The forms and the system reduce me to a list of “I can’t x without y help because of p,q,r symptoms of z condition”. I experience my life – and my self – as a series of events caused or explained by my inability to do things. My brain processes experiences as potential examples for the damn forms and assessments. I feel like a fraud if I decide to take the pain and the consequences of doing something I really really ought not to do. I feel guilty about spending money because at any moment a brown envelope and a few strangers could take all my money away. I worry about that one picture of me on Instagram where I appear to be standing unaided with a baby in each arm – I know the reality is that I’m seated on a stool and there are two people just out of shot ready and waiting to take one or both babies from me as soon as the photo is done – I still worry about what it looks like.
The logic of the form – that one should be able to work and if you aren’t you better have a detailed explanation of precisely why – permeates my brain. I over-explain why I can’t or won’t do things to friends and strangers who would happily have accepted “I can’t” as its own reason. My depression latches onto things that I can’t do that someone my age “should” be able to do. I feel ashamed and scared to admit that I am “on benefits” and likely will be for the rest of my life.
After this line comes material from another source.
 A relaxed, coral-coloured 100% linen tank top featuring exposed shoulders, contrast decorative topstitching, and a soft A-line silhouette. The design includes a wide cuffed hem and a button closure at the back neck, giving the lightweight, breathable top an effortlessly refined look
On my “good days”, my depression and anxiety still interject to make me question if I even “deserve” to get paid to not-work (because anything even remotely like full time work would seriously harm me) and if my more expensive or frivolous purchases are justified given I don’t “earn” my money. On my bad days, lying in bed, my brain idly writes new paragraphs for the damn forms.
The system for getting these payments leaves me constantly thinking about what I CAN’T do and why. That can’t be good for me but I can’t stop it. A few more years of this and I imagine it will become a permanent subroutine in my brain, figuring out what I can’t do, what help I need, why I need help, how seriously I’d be harmed without help.. a huge portion of my brain forever ruminating on something that doesn’t help *me* at all. When I could be thinking about my writing or learning or having fun or…
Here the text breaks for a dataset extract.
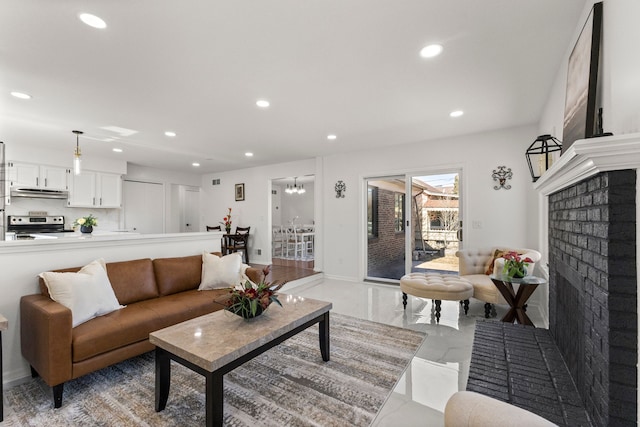 living room featuring recessed lighting and baseboards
So that’s where I’ve been and where I’m at. The DWP are basically inside my head and critiquing my every action. And it hurts.
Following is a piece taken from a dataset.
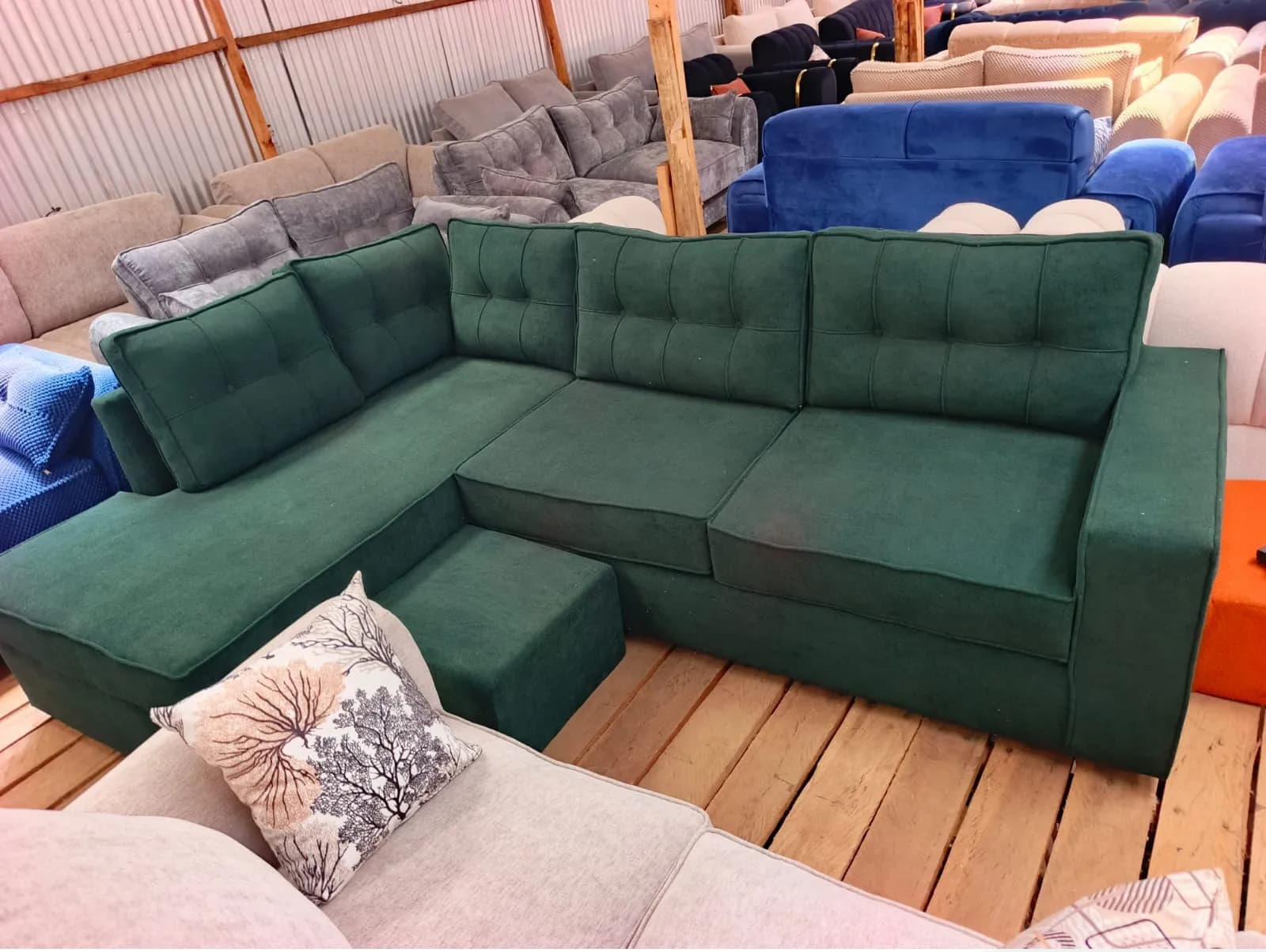 6-seater L-shaped sectional couch with an ottoman (Green)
And yet… until the system is fixed, I still advise disabled friends to consider putting themselves through it. Because the money maybe a modest sum but it’s LIFE-CHANGING. It means I don’t have to worry about affording a meal in a cafe or a takeaway when I can’t figure out all the steps to making my own lunch. It means I can get a taxi if I need to. It means I can pay bus fare for a friend to accompany me to a scary new place. It means I can afford food that isn’t beans. It helps but making it happen hurts. Possibly permanently. It’s a bind and I respect the choices people make about whether or not applying for PIP, ESA or both will be “worth it” for them.